助理走后没多久,病房的门再一次被打开。

程母放轻脚步走了进来,看到儿子不如往日挺拔的背影,鼻子蓦地一酸——她的儿子从小优秀哪里都好,就是因为一个信息素狂躁症,感情路上没有顺利过。如今好不容易又找了一个oga,她刚松了口气,哪曾想刚领证就出了这种事情,难道又要重蹈七年前的覆辙吗?

她眼前又浮现了七年前的一幕。房间里不省人事的oga倒在床上,双目紧闭,后颈处伤痕累累,身上也没有一块完好的地方。

而一旁的alpha被床单绑在床头,手脚不断地尝试挣脱束缚,床单已经被撕扯得摇摇欲坠,alpha睁着充血的双目,口中不断发出低吼,右脸下颌处有一道一直延伸到耳后的撕裂伤,正往外汩汩冒血。直到走近,她才听清他嘴里说的是什么。

他说:“别过来,离我远点。

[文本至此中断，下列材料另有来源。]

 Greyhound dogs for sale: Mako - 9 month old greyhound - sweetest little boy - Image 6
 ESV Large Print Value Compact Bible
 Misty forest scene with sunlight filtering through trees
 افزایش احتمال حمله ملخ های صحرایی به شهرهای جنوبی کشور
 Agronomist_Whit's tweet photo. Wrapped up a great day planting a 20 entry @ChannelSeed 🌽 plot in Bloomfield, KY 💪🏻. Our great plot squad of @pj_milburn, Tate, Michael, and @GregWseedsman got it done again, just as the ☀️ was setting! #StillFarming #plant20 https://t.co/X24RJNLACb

”

程母收回思绪,长叹一口气,将目光投向病床上躺着的那个oga。

视线接触的一瞬间,程母不敢置信地睁大双眼。

眼前白色病床上苍白瘦弱的oga和她记忆中那个伤痕累累的oga重迭在了一起,连眼角的泪痣都分毫不差。

第8章 林宝苏醒倒计时5

19岁的林浸拖着唯一一只行李箱,坐上飞完南洲的飞机时,海城下起了二十年来的第一场雪。

当然,已经飞在云层上端的林浸并不知道,他正被坐在旁边的同样去往南洲的女生查十八代户口。

林浸醒来前的记忆是一片虚无的空白,醒来后的记忆是有实体的空白——医院里的白大褂、白墙壁,还有一成不变的白色病床。